Heterogeneous pools

Design document
Revision v1
Status released (5.6)
Review create new issue

Notes

  • The cpuid instruction is used to obtain a CPU’s manufacturer, family, model, stepping and features information.
  • The feature bitvector is 128 bits wide: 2 times 32 bits of base features plus 2 times 32 bits of extended features, which are referred to as base_ecx, base_edx, ext_ecx and ext_edx (after the registers used by cpuid to store the results).
  • The feature bits can be masked by Intel FlexMigration and AMD Extended Migration. This means that features can be made to appear as absent. Hence, a CPU can appear as a less-capable CPU.
    • AMD Extended Migration is able to mask both base and extended features.
    • Intel FlexMigration on Core 2 CPUs (Penryn) is able to mask only the base features (base_ecx and base_edx). The newer Nehalem and Westmere CPUs support extended-feature masking as well.
  • A process in dom0 (e.g. xapi) is able to call cpuid to obtain the (possibly modified) CPU info, or can obtain this information from Xen. Masking is done only by Xen at boot time, before any domains are loaded.
  • To apply a feature mask, a dom0 process may specify the mask in the Xen command line in the file /boot/extlinux.conf. After a reboot, the mask will be enforced.
  • It is not possible to obtain the original features from a dom0 process, if the features have been masked. Before applying the first mask, the process could remember/store the original feature vector, or obtain the information from Xen.
  • All CPU cores on a host can be assumed to be identical. Masking will be done simultaneously on all cores in a host.
  • Whether a CPU supports FlexMigration/Extended Migration can (only) be derived from the family/model/stepping information.
  • XS5.5 has an exception for the EST feature in base_ecx. This flag is ignored on pool join.

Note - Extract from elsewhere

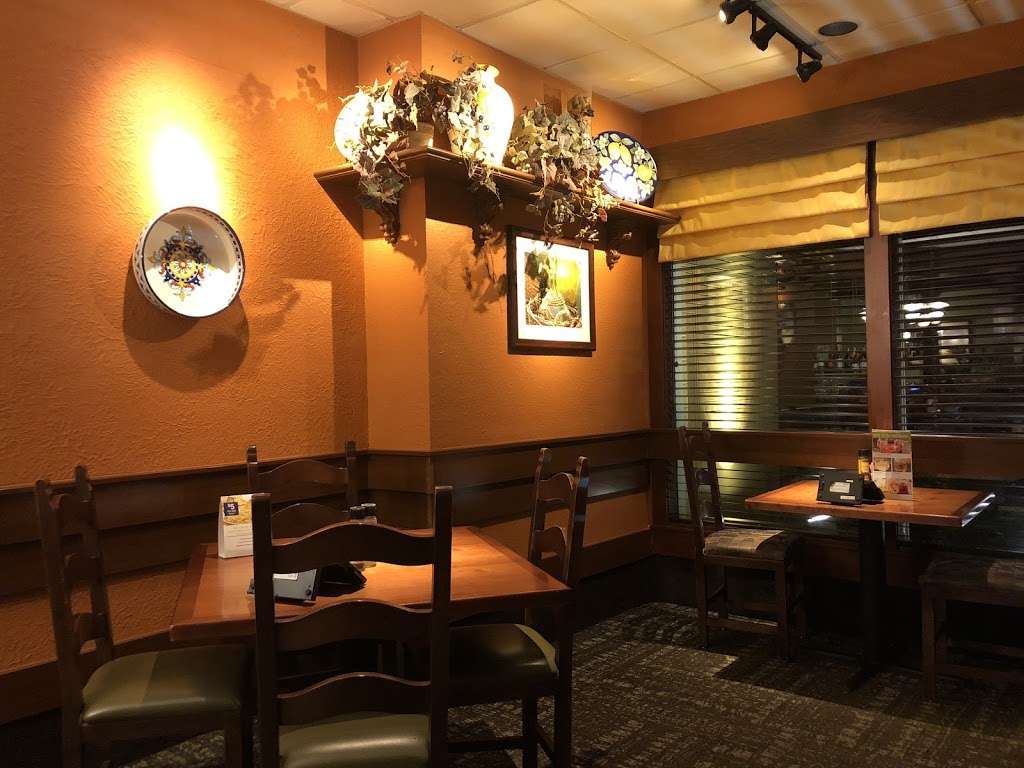 Olive Garden Italian Restaurant | 701 N Milwaukee Ave, Vernon Hills, IL 60061 | Phone: (847) 816-0293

Overview of XenAPI Changes

Fields

Currently, the datamodel has Host_cpu objects for each CPU core in a host. As they are all identical, we are considering keeping just one CPU record in the Host object itself, and deprecating the Host_cpu class. For backwards compatibility, the Host_cpu objects will remain as they are in MNR, but may be removed in subsequent releases.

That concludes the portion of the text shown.